L’OVNI qui tombe à pic

Dire que ces Souvenirs de l’Empire de l’atome, signés de Smolderen et Clerisse, sont la meilleure BD qu’on ait lue cette année, ça ne veut pas dire grand chose. Et pourtant, comment résumer autrement qu’en l’appelant un coup de coeur ce livre étrange au graphisme délicieusement rétro évoquant les cases des bandes-dessinées de SF des années 50, foisonnant de clins d’oeil vers les classiques du neuvième art (Zorglub, notamment) et au scénario loufoque qui nous fait voyager de 1950 à l’an 121 000 (environ) ? Contentons-nous juste de recommander chaudement la lecture de cette oeuvre qui ne ressemble à rien d’autre, dont le plaisir qu’elle procure est exponentiel à la complexité de son intrigue alambiquée.

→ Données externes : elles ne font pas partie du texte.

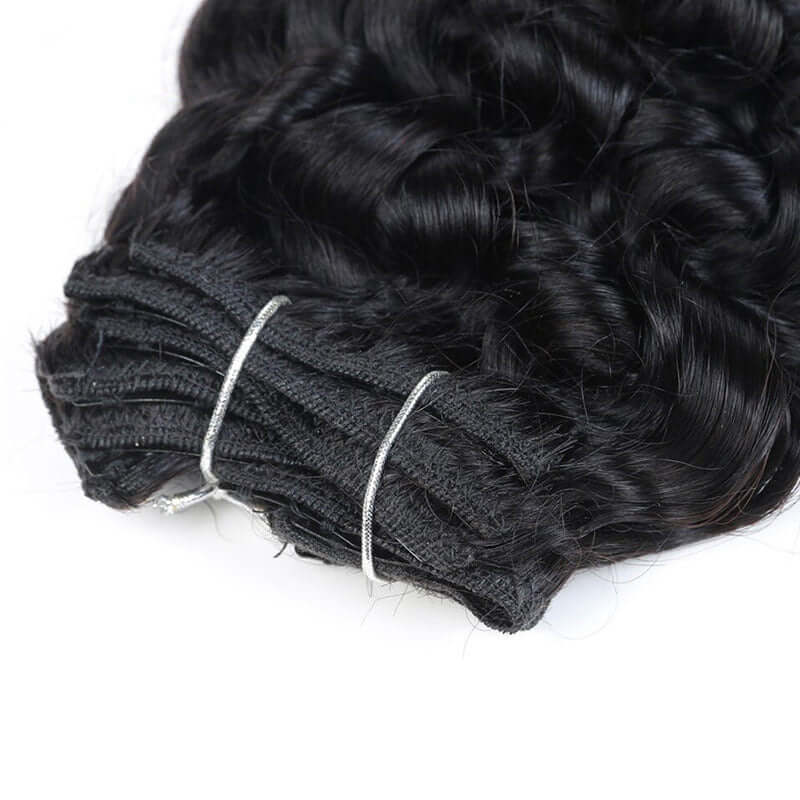 QVR Natural Black Hair 7Pcs Clip in Hair Extension Brazilian Jerry Curly Virgin Human Hair - Image 5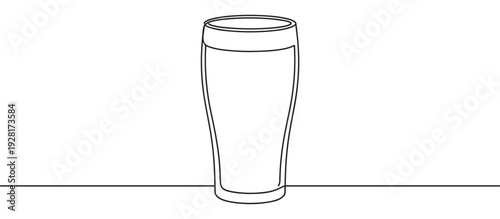 Single continuous line drawing of a tall beer glass in a minimalist black and white style, illustrating a simple and clean graphic design concept for beverages and pubs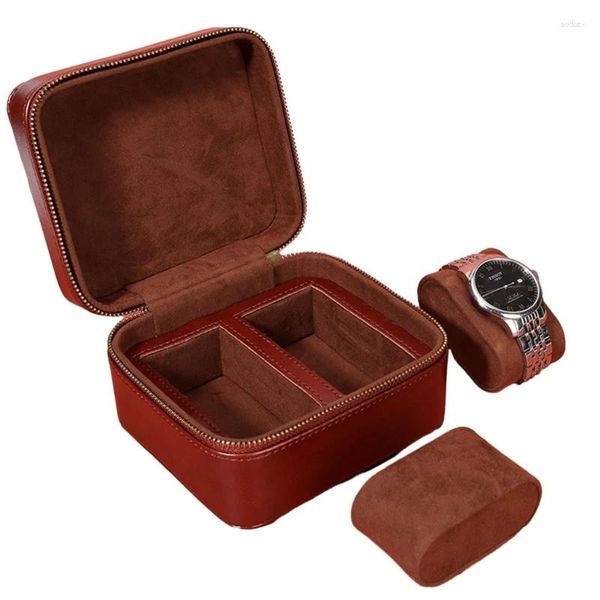 Bolsas de jóias N1HE Soft Lining Watch Box 2 Slot Display Case Viagem portátil para homens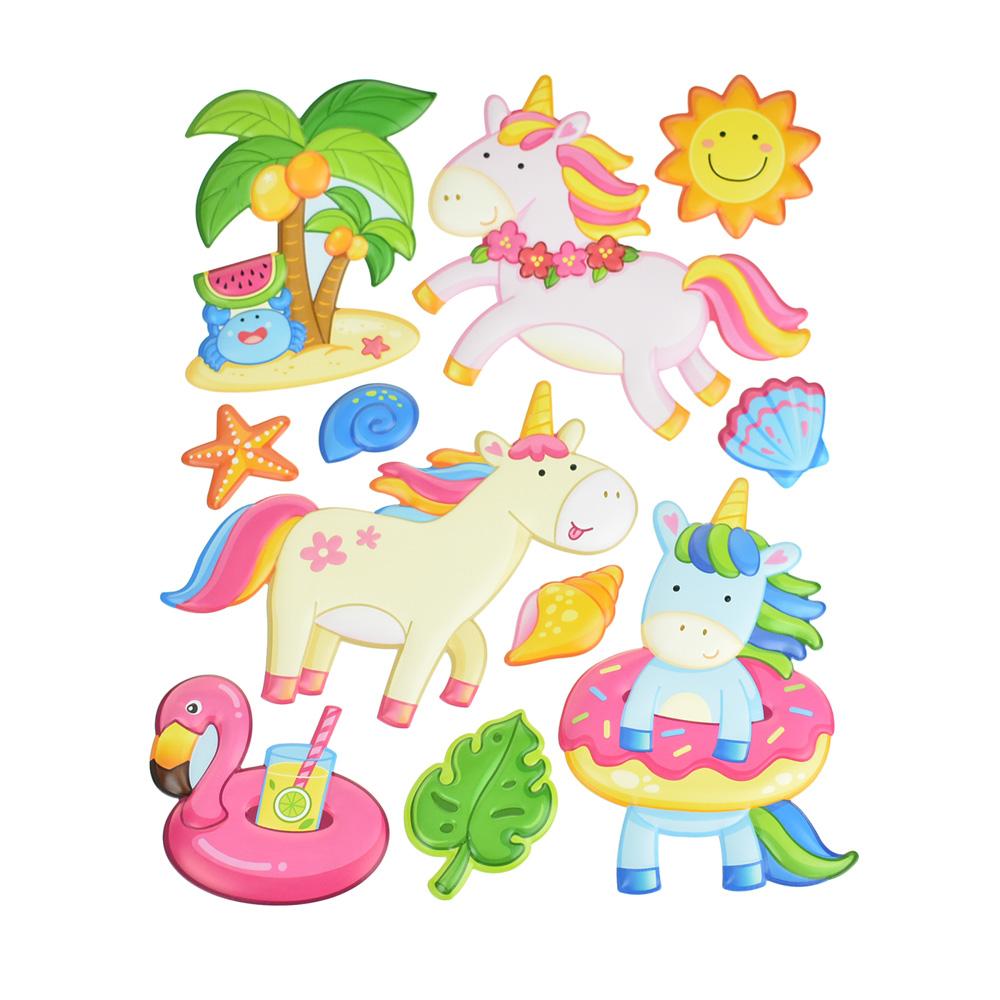 Unicorn Frolic Puffy 3D Pop-Up Wall Art Stickers, 11-Piece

Souvenirs de l’Empire de l’atome, Thierry Smolderen & Alexandre Clérisse, Dargaud, 144 pp.






Le vieux nobélisé qui réconcilie avec la littérature américaine

Si l’on me suit un peu, on aura noté l’intérêt tout relatif que je porte à la littérature américaine contemporaine. La Planète de Mr. Sammler, de Saul Bellow, a quelque peu ravivé cette flamme un peu faiblarde. Republié récemment dans une édition qui comprend également Herzog, j’avais acheté le livre pour cette oeuvre-ci, mais c’est finalement Sammler que j’ai lu. Bien m’en a pris puisque Bellow, à travers le regard que jette un vieux Juif européen rescapé des camps sur la jeunesse new-yorkaise, évoque une foultitude de thèmes allant de la banalité du mal à l’individualisme exacerbé des nouvelles générations, poussées par un désir insatiable de reconnaissance et de singularité. Les rois barbares et les aspirations individualistes se mêlent avec brio dans cette oeuvre faussement conservatrice qui ouvre de magnifiques pistes de réflexion.


La Planète de Mr. Sammler, Saul Bellow, Gallimard, 304 pp.

lundi 6 janvier 2014

Marelle

Marelle
de Julio Cortazar

L’œuvre plurielle

« Allais-je rencontrer la Sibylle ? »

Ainsi s’ouvre Marelle, roman phare et culte de Julio Cortazar, publié en 1963. A moins que Marelle ne s’ouvre plus loin, au chapitre 73 et soit immédiatement mis sous la tutelle de Morelli, critique littéraire, écrivain et surtout penseur de la littérature, à la manière d’un Borgès, travaillant à un ouvrage par lequel il entend « transgresser le fait littéraire », à un ouvrage qui pourrait se lire dans n’importe quel sens, à un ouvrage, en somme, qui devrait ressembler à Marelle.

Mode d’emploi

Car Marelle est plusieurs roman. Il en est sûrement au moins trois, mais, pour ne pas prendre de risque et tromper le lecteur, le mode d’emploi indique qu’il en est particulièrement deux. Le mode d’emploi ? Oui, Marelle, comme un jeu de société solitaire, est livré avec notice. Il peut se lire de deux manières : la première nous le fait parcourir de façon linéaire, du chapitre 1 (celui, donc, qui commence par « Allais-je rencontrer la Sibylle ? ») au chapitre 56, où le lecteur pourra considérer le livre terminé ; la seconde nous fait débuter la lecture par la troisième partie du roman, intitulée « De tous les côtés (Chapitres dont on peut se passer) » et elle se poursuit à travers 155 chapitres répartis sur plus de 650 pages. Bien entendu, si on entreprend la lecture de Marelle, c’est sûrement pour le lire de la deuxième manière, ne serait-ce que dans un soucis de rentabilité : pour le même prix, on gagne plus de 200 pages et une centaine de chapitres. Mieux encore, le roman ainsi lu est potentiellement infini, puisqu’à la fin, les chapitres 131 et 58 se renvoient indéfiniment la balle. On ne termine donc jamais sa lecture de Marelle !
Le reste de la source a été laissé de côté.